Investor Profile Best Market Rationale
Long-term buy-to-let (pure yield) Costa del Sol (non-Marbella) Estepona, Fuengirola, Benalmádena offer better price-to-rent ratios than prime Marbella with similar holding costs; gross yields of 6–7% compress to net 3.5–4.5%
Short-term holiday rental (STR) Marbella (beachfront) Gross yields of 7–14%, average weekly holiday rental of €1,270 (Costa del Sol), 85–95% summer occupancy; 13.8 million visitors/yr to the region in 2025; VFT-licenced properties are increasingly valuable as regulation tightens
Capital appreciation (5–10 yr) Marbella +7–9% annual forecast vs +3–5% Miami; structural supply constraint (PGOM 2025, coastal protection) and sustained international luxury demand underpins long-term price floor; prime reference already at €17,150/m² (Puente Romano)
Cost of living (resident) Costa del Sol avg 30–50% cheaper than Miami on all major cost lines; excellent public healthcare; affordable quality food and dining; minimal heating costs
Luxury lifestyle (resident) Marbella World-class dining, golf, beach clubs and international community at costs still 40–50% lower than Miami equivalents; European stability; proximity to rest of Europe
Currency-diversified USD investor Miami + Marbella (split) Marbella offers superior net yields and appreciation in EUR terms; Miami preserves USD-denominated returns and Florida tax advantages; a split allocation captures both liquidity and lifestyle yield

🏡 The core finding: Miami’s headline gross yields look attractive — but after Florida’s exceptional insurance premiums, property taxes, HOA fees and federal income tax, true net yields compress to 1–1.5% on a standard condo investment. The Costa del Sol and Marbella, despite higher acquisition costs, deliver net yields of 3–3.5% on long-term lets and 4–7% on managed STR operations — alongside capital appreciation of 5–9% per year — making the total return proposition significantly more compelling for a 5–10 year investment horizon.

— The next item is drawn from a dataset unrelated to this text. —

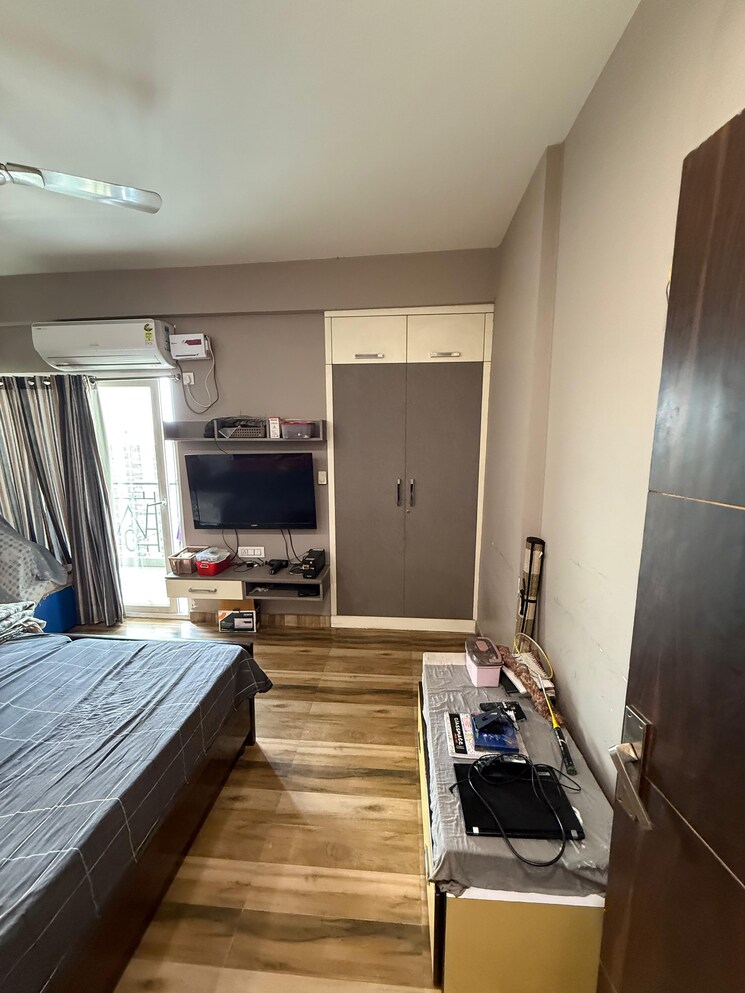 Master Bedroom, town-park-white-orchid 3 Bedroom 1865 Sq.Ft. Apartment In Sector 16c Greater Noida Greater Noida 9089900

More information: Costa del Sol Real Estate Market 2026

Sources: RentCafe (Miami rental data March 2026) • Idealista (Costa del Sol price data  Feb 2026) • Panorama Marbella Market Report 2026 • Livingstone Estates Q1 2026 Market Update • Global Property Guide (Spain rental yields 2025) • Time and Home Rental Market Report Costa del Sol 2025 • Alta Moderna Spanish Real Estate Statistics 2025 • Ark7 / Threshold Miami Rental Market Trends 2026 • Florida Office of Insurance Regulation • Junta de Andalucía (VFT regulations) • IRNR Spain (non-resident rental tax rules).

All figures are indicative and should be verified with current market data before making investment decisions. Always consult a qualified tax advisor, financial advisor and property lawyer in both jurisdictions before purchasing.